Buenos días a todos, hace bastante tiempo que me es imposible dedicar un rato a la electrónica,pero ahora tengo unos días!
 El tema es que tengo un amplificador de megafonía OPTIMUS ART 60, no es gran cosa,pero tiene muy buena potencia, y es gratis,me preguntaba si alguno ha intentado algo parecido, eliminar el transformador de audio,para utilizar con válvulas, y al mismo tiempo, dejar el amplificador funcional,para usar con un altavoz de 8 ohmios. El transformador que lleva en su interior tiene una interesante combinación de impedancias:

4 ohmios
8 ohmios
16 ohmios
100 v
100 ohmios
125 ohmios
166 ohmios
250 ohmios
500 ohmios

No será hifi, pero para proyectos me parece muy interesante.
Me gustaría sacar este transformador,pero si fuera posible,poder seguir utilizando el amplificador.
Aparte de estas salidas y entradas, tiene un bobinado independiente,para la realimentación, esto es lo que no veo claro, podría poner unas resistencias en su lugar? Alguien ha intentado algo parecido? 

Un saludo a todos


----------



## DOSMETROS (Jul 29, 2018)

No es transistorizado ?


----------



## pandacba (Jul 29, 2018)

Como se entiende lo que decis eliminar el transformador de audio para utilizar con válvulas.
Si el transformador es solo un adaptador de impedancia(muy común en música funcional y en megafonía) y el equipo es transistorizado, desde ya que no te sirve para válvulas.
No tiene nada que ver un tipo de transformador con otro, son directamente incompatibles.

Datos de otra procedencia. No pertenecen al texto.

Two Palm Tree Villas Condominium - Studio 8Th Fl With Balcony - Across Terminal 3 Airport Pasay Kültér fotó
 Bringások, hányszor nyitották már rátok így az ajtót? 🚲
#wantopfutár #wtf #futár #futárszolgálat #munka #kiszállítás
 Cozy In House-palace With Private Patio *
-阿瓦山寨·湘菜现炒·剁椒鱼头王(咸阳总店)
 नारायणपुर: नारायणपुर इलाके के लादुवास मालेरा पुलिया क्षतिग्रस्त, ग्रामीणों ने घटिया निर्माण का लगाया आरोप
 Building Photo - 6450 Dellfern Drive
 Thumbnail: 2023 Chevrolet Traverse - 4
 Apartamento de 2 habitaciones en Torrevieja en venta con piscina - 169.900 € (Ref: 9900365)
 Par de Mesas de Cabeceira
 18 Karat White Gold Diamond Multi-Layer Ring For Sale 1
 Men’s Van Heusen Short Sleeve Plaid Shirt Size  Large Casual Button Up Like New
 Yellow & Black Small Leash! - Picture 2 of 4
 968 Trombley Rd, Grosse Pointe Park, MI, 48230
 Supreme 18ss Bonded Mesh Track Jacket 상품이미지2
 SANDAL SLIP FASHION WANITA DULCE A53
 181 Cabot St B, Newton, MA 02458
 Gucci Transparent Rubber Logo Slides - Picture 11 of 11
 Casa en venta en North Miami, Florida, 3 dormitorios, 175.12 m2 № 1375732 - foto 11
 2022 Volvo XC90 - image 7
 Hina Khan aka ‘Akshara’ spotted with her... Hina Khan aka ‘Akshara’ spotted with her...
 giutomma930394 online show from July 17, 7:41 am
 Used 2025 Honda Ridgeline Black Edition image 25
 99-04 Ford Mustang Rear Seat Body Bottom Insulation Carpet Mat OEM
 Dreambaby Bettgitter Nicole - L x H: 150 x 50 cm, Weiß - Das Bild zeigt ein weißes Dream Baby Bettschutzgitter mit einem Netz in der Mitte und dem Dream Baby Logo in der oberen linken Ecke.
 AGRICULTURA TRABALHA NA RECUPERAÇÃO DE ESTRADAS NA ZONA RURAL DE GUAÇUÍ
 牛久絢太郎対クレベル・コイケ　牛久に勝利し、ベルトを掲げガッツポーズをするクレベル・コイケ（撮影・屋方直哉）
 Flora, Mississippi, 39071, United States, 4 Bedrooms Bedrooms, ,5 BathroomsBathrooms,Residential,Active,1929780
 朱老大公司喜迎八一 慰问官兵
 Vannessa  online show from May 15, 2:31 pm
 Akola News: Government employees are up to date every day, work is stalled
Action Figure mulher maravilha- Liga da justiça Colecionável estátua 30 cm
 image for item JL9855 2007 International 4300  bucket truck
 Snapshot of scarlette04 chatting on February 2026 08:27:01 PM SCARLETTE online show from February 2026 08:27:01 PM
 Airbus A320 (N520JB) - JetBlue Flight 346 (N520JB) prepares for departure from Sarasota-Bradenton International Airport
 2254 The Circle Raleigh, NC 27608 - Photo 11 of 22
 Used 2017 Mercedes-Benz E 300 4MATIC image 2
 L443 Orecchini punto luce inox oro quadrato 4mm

Si lo acabo de comprobar, *es transistorizado*, es más valioso como pieza de museo en la actualidad.
Olvidate no te sirve para válvulas.

Si queres hacer algo con válvulas, fijate en una potencia entre 5 y unos 100W, hay que ver los tubos para esa potencia y los transformadores adecuados tanto de salida como de alimetación


----------



## A Class (Jul 30, 2018)

Buenos días y gracias por la ayuda. 
La verdad es que este modelo en concreto, puede encontrarse hoy en día fácilmente, supongo que están muy bien hechos y aún siguen funcionando la mayoría. Al ver las salidas,pensé que sí podría valer, los transformadores de megafonía que montan en los altavoces sí funcionan para válvulas (no son HIFI,pero funcionan)
Pues el amplificador vuelve a la pila de trastos, ya que funciona perfecto, algún día puede que lo instale para megafonía o hilo musical.

Voy a tener que bobinar los transformadores de audio, son demasiado caros. He probado a utilizar los transformadores comunes, de 220V y funcionan bien,pero tienen un rango de frecuencias muy limitado,se saturan en graves muy pronto, suenan bastante mal cuando se satura el núcleo.

Un saludo y gracias


----------